A Bergier to mocny punkt drużyny. W trzech meczach nowego sezonu środkowy napastnik Widzewa strzelił trzy gole. Gdy jednak zdobywał bramkę w ostatnim pojedynku z GKS-em Katowice, miał uraz. – Mam naderwany przywodziciel. Cały mecz grałem z urazem lewej nogi i ciężko było mi się poruszać – stwierdził piłkarz.
Jego kontuzję potwierdził również trener Żeljko Sopić. Mówił, że Bergier w tygodniu niemal nie trenował. W tym jest podobnie. Albo nie było go na zajęciach, albo był oszczędzany. Jego występ nie jest wykluczony, ale chyba lepiej byłoby, gdyby podstawowy napastnik drużyny odpoczął i w pełni doszedł do siebie. Sezon jest długi.
Tyle że w kadrze nie ma już drugiego środkowego napastnika. Tę rolę pełnić mogą też Antoni Klukowski oraz Bartłomiej Pawłowski, ale nie jest to ich pozycja nr 1. Z drugiej strony, może nie być wyjścia.
Niewiadomą jest też występ Lindona Selahiego, który też w meczu z GKS-em zszedł z boiska przedwcześnie.

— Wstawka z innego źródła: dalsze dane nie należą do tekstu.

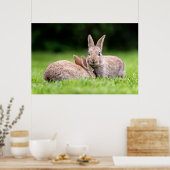 Kutest Baby Animals | Wild Bunny Rabbits Poster (Keuken)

Uraz Albańczyka nie był tak poważny, jak Bergiera. Jego jednak ma kto zastąpić. W kadrze są jeszcze Szymon Czyż oraz Marek Hanousek.
Nie ma oczywiści żadnych szans na występ Petera Therkildsena oraz Samuela Kozlovskiego. Obaj wypadli z gry z powodu kontuzji. Duńczyk już w pierwszym meczu sezonu, Słowak w ostatnim. Na szczęście oni też mają zmienników: Marcela Krajewskiego i Diona Gallapeniego.
Pozostali piłkarze są gotowi. Uważać musi Mariusz Fornalczyk, który ma już trzy żółte kartki i każda następna eliminuje go z gry. Bardziej skupionym powinien być również Krajewski, który ma dwie kartki. Tym bardziej, że na powrót Therkildsena trzeba jeszcze trochę poczekać.